Maria Fedorowna zeigt uns eine Fotografie ihres Vaters, und plötzlich erkenne ich in ihm meinen ehemaligen Lehrer, den herzensguten Fedor Fedorowitsch Schmidt, der in unserer Klasse Deutschunterricht erteilte. Manchmal brachte er eine Geige zum Unterricht mit, schob die Lehrbücher und das Klassenbuch beiseite und verkündete: „Kinder, heute werde ich euch etwas auf der Geige vorspielen!“ Und dann ertönten in unserem engen Klassenraum ungewöhnliche, schöne und geheimnisvolle Klänge, von denen wir nichts verstanden, die aber dennoch unsere Herzen zutiefst berührten.

Ich blättere das Familienalbum der Schnaiders durch und finde darin noch mehr bekannte Gesichter: Edwin Viktorowitsch Wagner, ein von den Nasarowern sehr verehrter Chirurg, ein äußerst großherziger Mann.

- Das ist mein Neffe, - erklärt Maria Fedorowna, - and das – meine Mutter, Berta Fedorowna Potschekutowa.

Und diese Frau kenne ich sogar persönlich. Sie ist in der ganzen Stadt und im Bezirk als aktive Frau bekannt, die mit beiden Beinen im Leben steht.

Woran ich denke, wenn ich diese Bilder betrachte? Dass all diese Leute heute wahrscheinlich in ihrer Heimat an der Wolga leben würden, wenn es die Ereignisse des Jahres 1941 nicht gegeben hätte. Was waren das für Ereignisse? Jetzt, in der Zeit des Glasnost, wissen wir eine ganze Menge darüber.

Im Jahre 1918 wurde die deutsche Kolonie an der Wolga durch ein besonderes Dekret der Sowjetmacht zur autonomen Republik. Aber das friedliche, schaffensfrohe Leben der Sowjetdeutschen fand am 22. Juni 1941 ein jähes Ende. Viele Wolgadeutsche baten darum, als Freiwillige an die Front gehen zu dürfen, manch einer verheimlichte seine Herkunft mit dem einzigen Ziel, zum Schutz des Vaterlandes mit herangezogen zu werden. Aber auf sie wartete ein ganz anderes Los: die Aussiedlung und Vertreibung vom heimatlichen Boden an einem vorherbestimmten Tag.

Und so bewegten sich fast eine Million Menschen aus der Heimat fort: auf Lastkähnen, in Kraftfahrzeugen und mit Zügen wurden die Wolgadeutschen in ihnen fremde, rauhe Gefilde abtransportiert. Viele von ihnen wurden in unserer Gegend angesiedelt, wie beispielsweise Andrej Bogdanowitsch und Maria Fedorowna.
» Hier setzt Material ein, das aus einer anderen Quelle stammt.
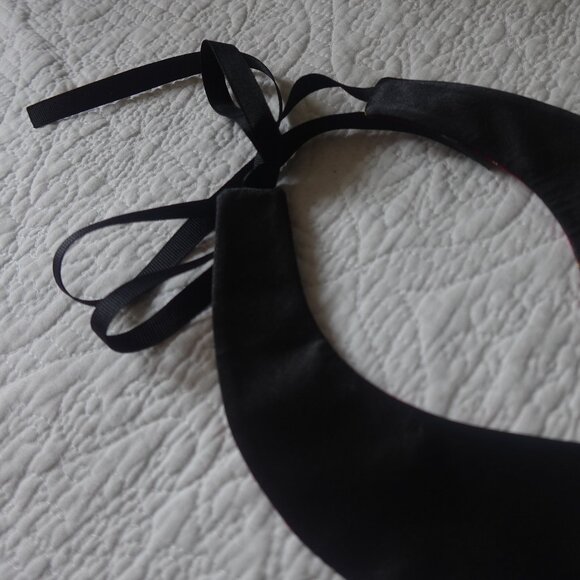 Detachable Red Tartan collar necklace with ribbon closure - Picture 7 of 7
Hier war es auch, dass sie sich zum ersten Male begegneten und später heirateten. Und bis dahin mußten sie schwere Tage in der Trudarmee durchleben. Maria Fedorowna kam zusammen mit ihrer Schwester Aida nach Tajmyr, wo sie, die Frauen, den ganzen Krieg über Fische fingen, die sie dann auf das Festland schicken mußten.

- Noch weiter nördlich gab es schon keine Siedlungen mehr, - erinnert sich Maria Fedorowna, - und natürlich überlebten wir wie durch ein Wunder. Und wissen sie, was uns dabei half? Die Freundschaft zwischen uns, zwischen all den verschiedenen Völkern, die alle aus ihren heimatlichen Gefilden herausgerissen worden waren. Es gab unter uns Letten, Finnen, Kalmücken, Ukrainer und Russen. Das allgemeine Elend vereinte sie alle miteinander, zwang alle, das letzte Stückchen mit den anderen zu teilen und sich gegenseitig zu helfen.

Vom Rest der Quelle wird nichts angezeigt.